Council tax support was cut by 30 per cent in Peterborough City Council’s 2013/14 budget after its government funding was reduced by £2.3 million, but despite further funding cuts the the figure has been kept the same since.

And on Monday it was agreed to maintain the figure at the current rate for another year from April as well as introduce a council tax discretionary hardship policy with a budget of £50,000.

The money will help people receiving council tax support who are experiencing significant financial hardship and who have demonstrated that they have made the effort to control their finances and seek advice.

Council cabinet member Councillor Peter Hiller said: “I stress that pensioner households remain exempt for this scheme.

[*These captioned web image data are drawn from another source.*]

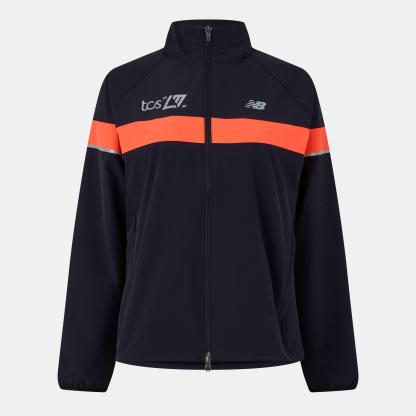 New Balance Women's LDN Marathon Wind Water-Resistant Reflective Performance Running Jacket Black/Red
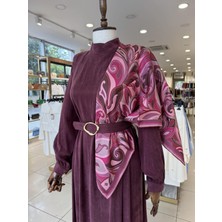 Puane Omuz Detaylı Bordo Elbise 12598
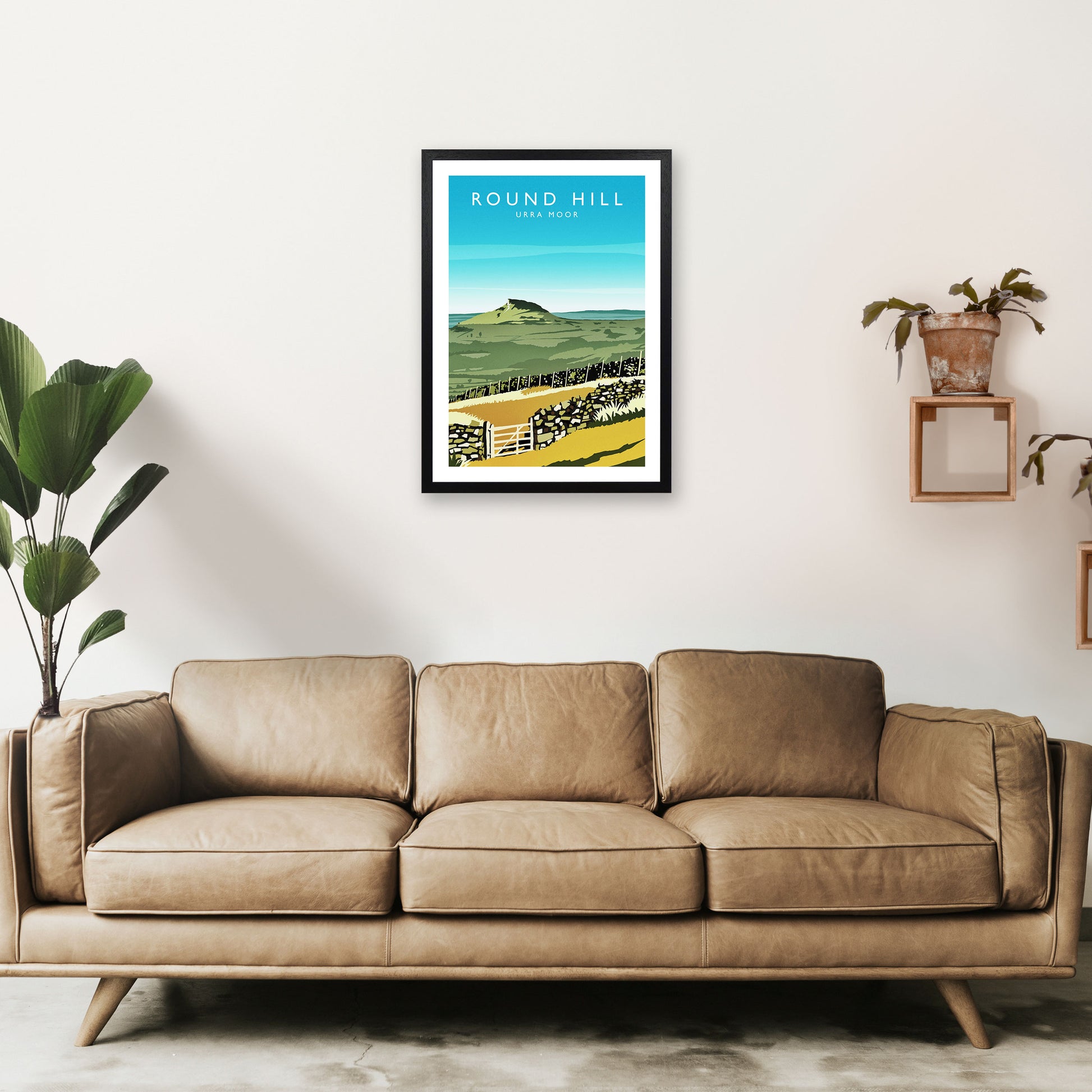 Round Hill Portrait Travel Art Print by Richard O'Neill A2 White Frame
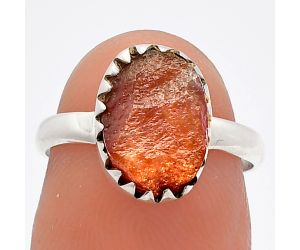 Sunstone Rough Ring size-6 SDR227270 R-1210, 8x11 mm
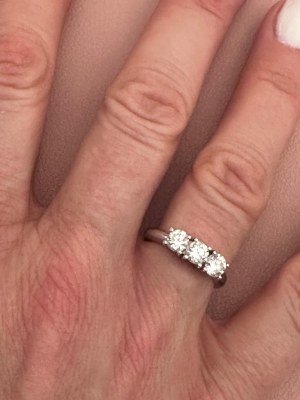 WHITE GOLD TRILOGY RING WITH LAB-GROWN DIAMONDS - TRIL LG4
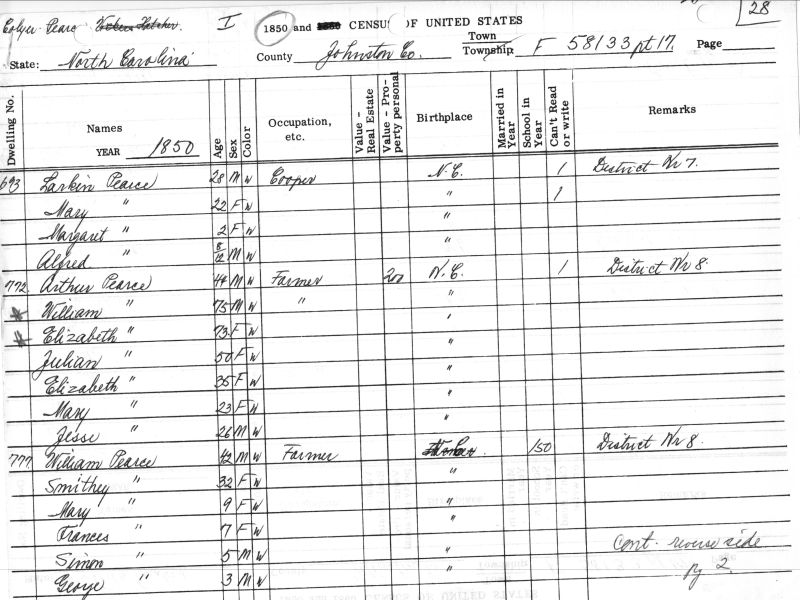 Census1850 pg 1 North Carolina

“We believe the proposals stick to the right balance.”

The decision on council tax support comes as the council finalises its 2016/17 budget.

The council has already announced how it will tackle £12.1 million of the £19.6 million deficit it faces for the next financial year, and it will reveal at the end of the month how it plans to remove the remaining £7.5 million deficit.

The most controversial reduction announced so far is a saving of £2 million each year until 2036/37 by repaying less of the capital debt, although in the long run this will mean paying back an extra £5.7 million due to increased interest payments.

A decision on whether to raise council tax has not yet been made, but a two per cent rise has currently been budgeted in for next year with a final decision to be made soon.

The council has frozen council tax for the last three years, and if it extends that for another 12 months then it will add to its deficit by £1.2 million.